**EXERCISE DATA**
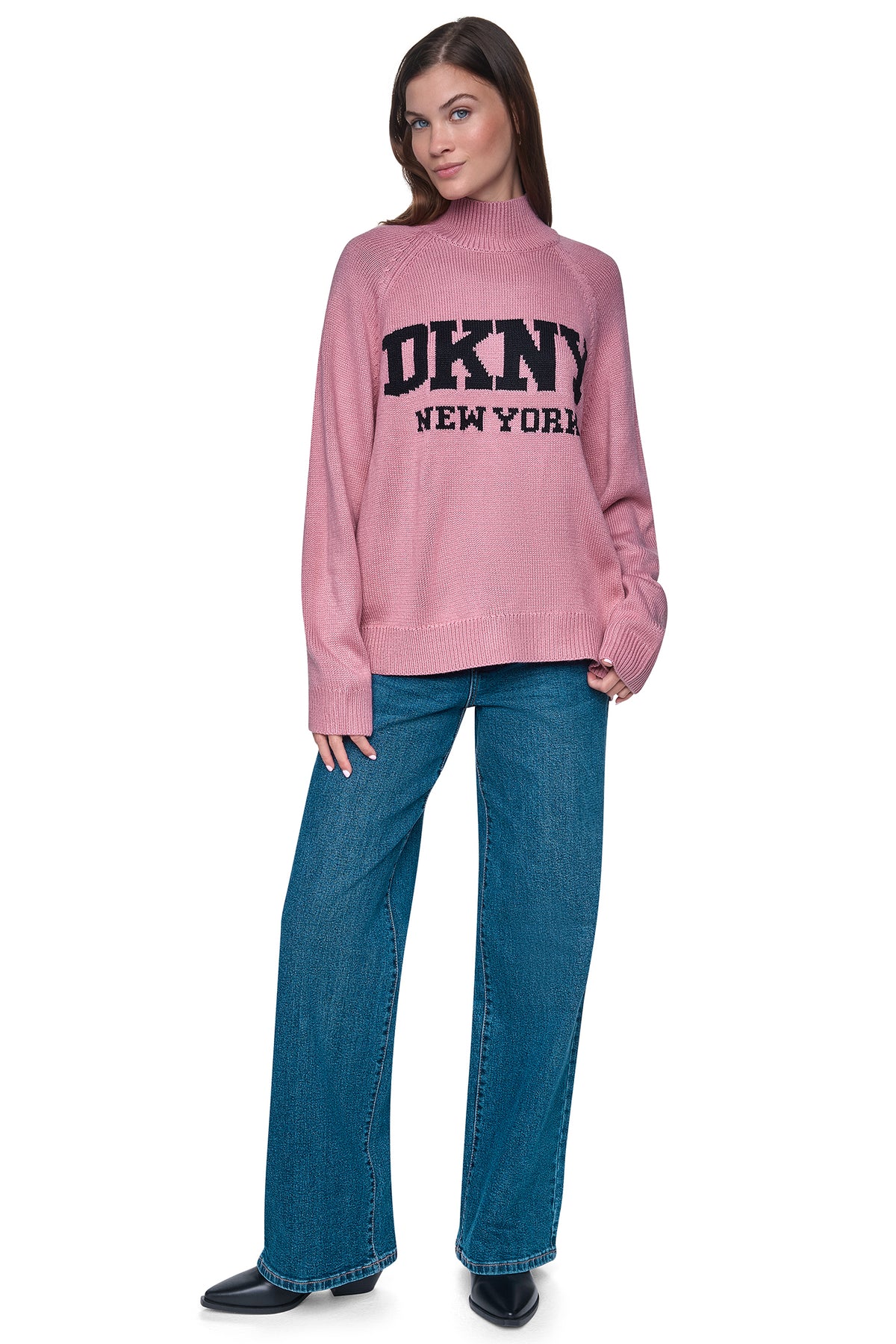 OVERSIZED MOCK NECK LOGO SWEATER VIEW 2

--

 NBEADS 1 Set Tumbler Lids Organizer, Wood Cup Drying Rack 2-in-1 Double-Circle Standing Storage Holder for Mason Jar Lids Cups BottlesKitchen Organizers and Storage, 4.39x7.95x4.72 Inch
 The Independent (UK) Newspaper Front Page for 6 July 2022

**THE PROBLEM**
The response should hold exactly the lines starting at the line with "NBEADS 1 Set" and ending at the line with "The Independent (UK)", and no other line of the material above.

**YOUR RESPONSE**
 NBEADS 1 Set Tumbler Lids Organizer, Wood Cup Drying Rack 2-in-1 Double-Circle Standing Storage Holder for Mason Jar Lids Cups BottlesKitchen Organizers and Storage, 4.39x7.95x4.72 Inch
 The Independent (UK) Newspaper Front Page for 6 July 2022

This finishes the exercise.